To make the function independent of the whims of the compiler, I will avoid comparing against the overprecise-by-unknown-amount runtime value of the float. Instead, the function will compare against the nearest representable IEEE single precision float (i.e. what you'd naively expect the function to do, before learning about extended precision). You can get that value, in many languages, by casting to a volatile float or storing in a volatile float field.

Applying both of these fixes (while still trying to avoid risky boundaries) gives a corrected solution in C#:

private static volatile float staticVolatileFloat;
private static float RemoveExtendedPrecision(float f) {
staticVolatileFloat = f;
return staticVolatileFloat;
}

public static bool EqualAfterRemovingExtendedPrecision(int i, float f) {
f = RemoveExtendedPrecision(f);
var iToF = RemoveExtendedPrecision((float)i);

if (iToF == RemoveExtendedPrecision((float)int.MaxValue))
return false; // rounded out of range, can't be represented
if ((int)iToF != i)
return false; // rounded to a different value, can't be represented

// can be represented faithfully, naive equality check will work
return iToF == f;
}

(To be honest, I'm drawing a blank trying to think of natural uses for a function like EqualAfterRemovingExtendedPrecision.)

I tested that the function corresponds to what happens if you compare after casting both inputs to double, so hopefully it's correct now and forever.
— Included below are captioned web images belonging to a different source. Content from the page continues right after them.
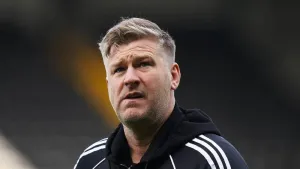 Karl Robinson critical of referee after 10-man Salford salvage Chesterfield draw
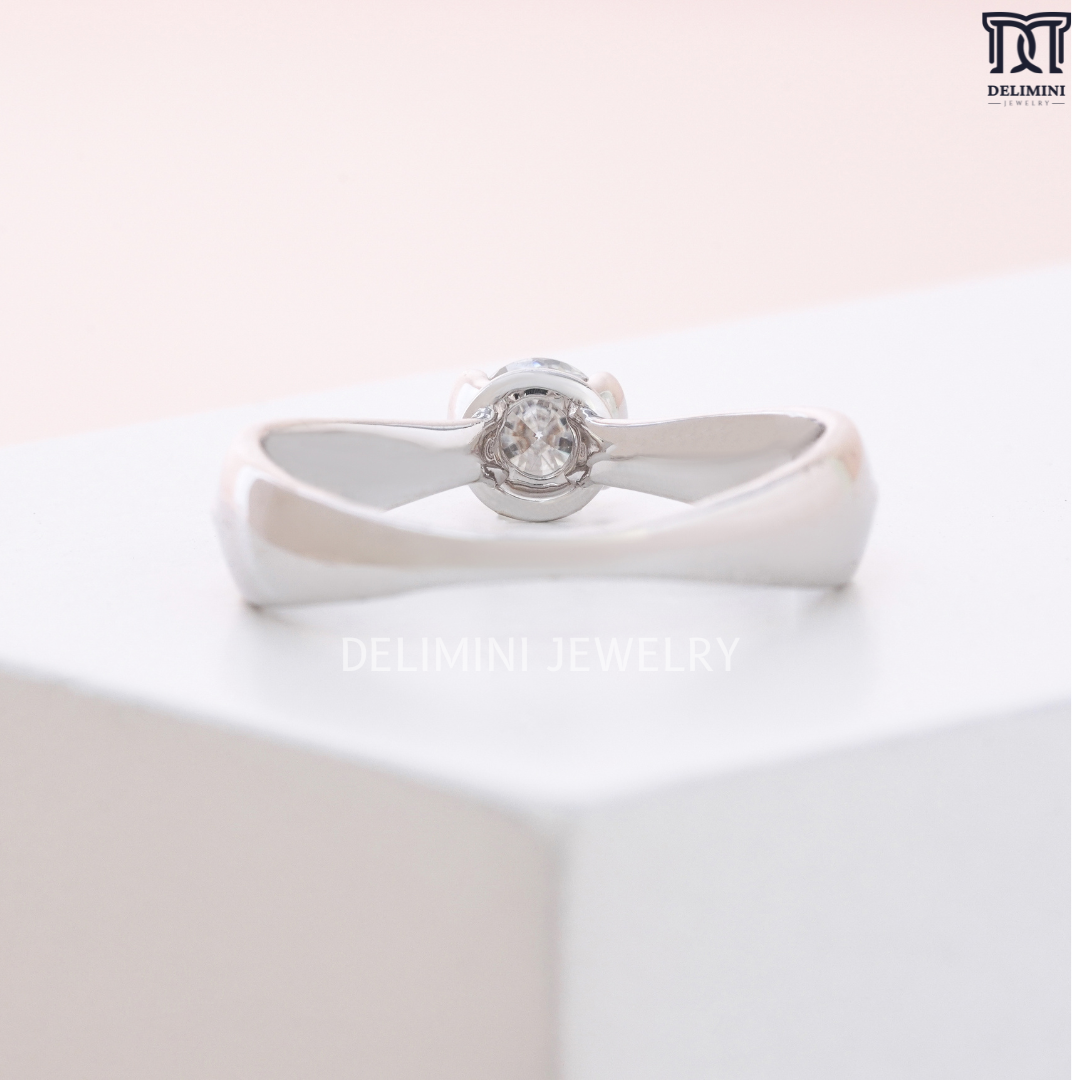 Elegant Moissanite 14K Gold Band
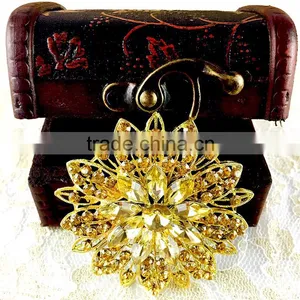 Beautiful Flower Crystal Strass Brooch Pin, Rose Colour Flower Rhinestone Strass Brooch for Party Invitation thumbnail-2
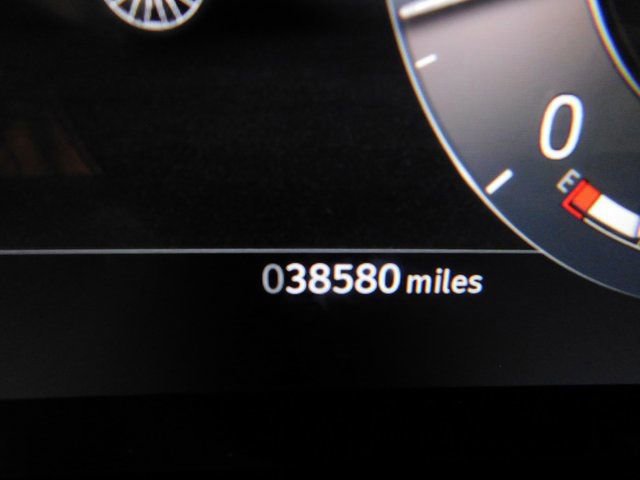 Used 2024 Land Rover Range Rover Velar S image 63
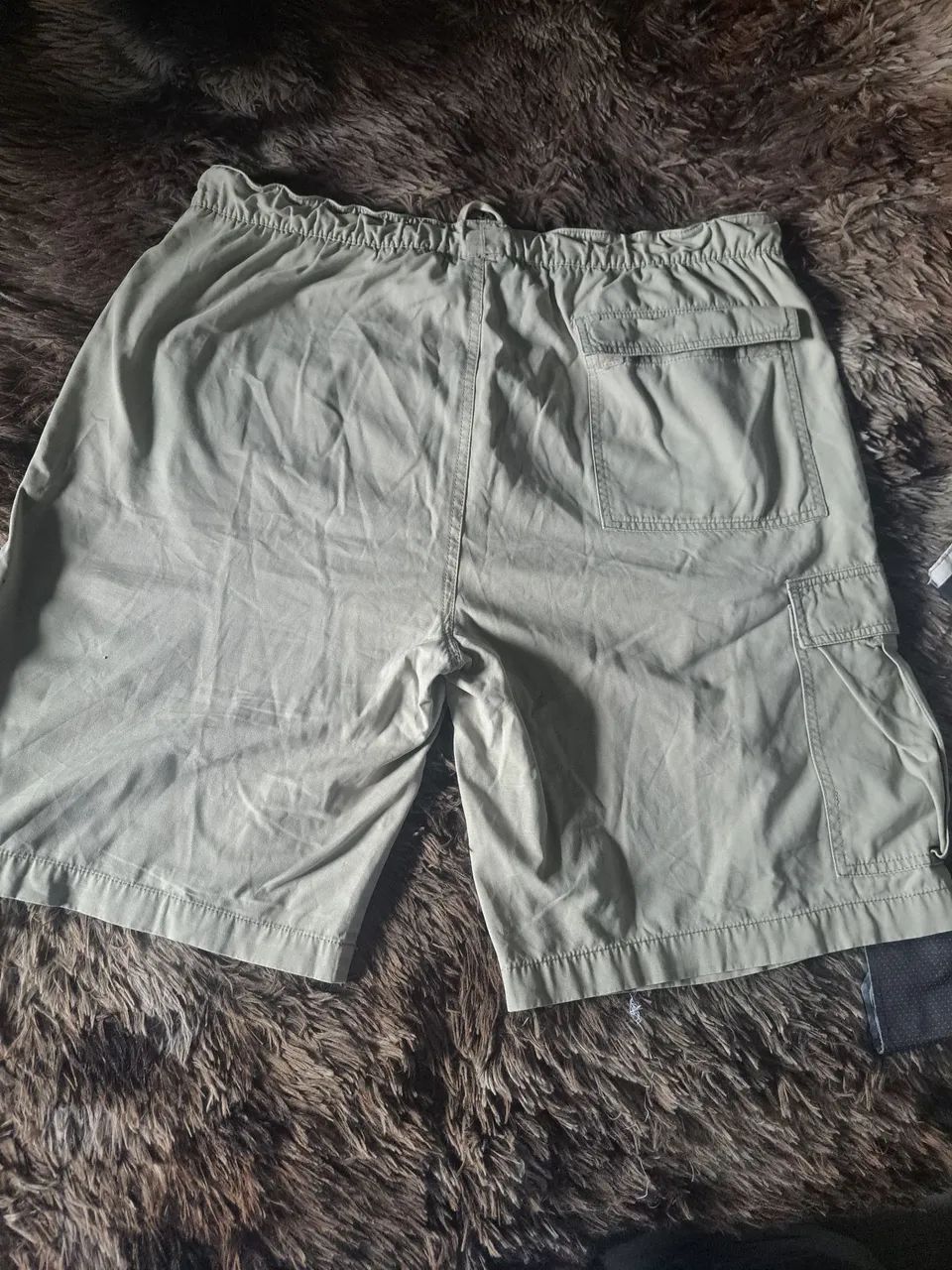 Bermuda de marca lindas novas - Foto 3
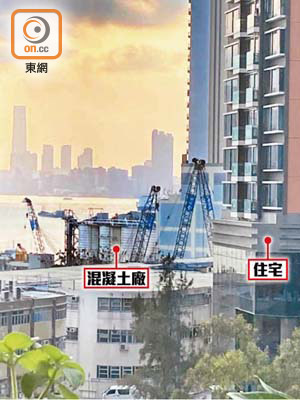 油塘混凝土廠兩間廠房與住宅樓宇非常接近，在旁更有正在施工的住宅地盤。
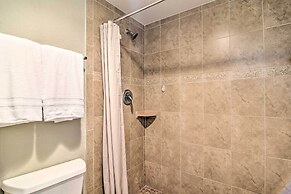 Coastal Clearwater Condo: Half Mile to Beach!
Maybe someone who knows even more about floating point horrors will correct that optimism.

Update: If a different valid IEEE rounding rule is being used, (float)int.MaxValue might be rounded down instead of up. As a result, the "corrected" code would wrongly categorize the largest integer representable as a float as being not representable and create false negatives. Pessimism increased.

### Summary

Floats are terrifying. Maybe not as terrifying as unicode, but pretty darn terrifying.

Remember: floats are fundamentally imprecise approximations of continuous quantities. Not only because of their representation, but because of how they are treated by compilers and CPUs. As a result, trying to force a precise discrete result out of a float (by rounding or doing a comparison) is just inherently risky. Prepare to compromise.

---

---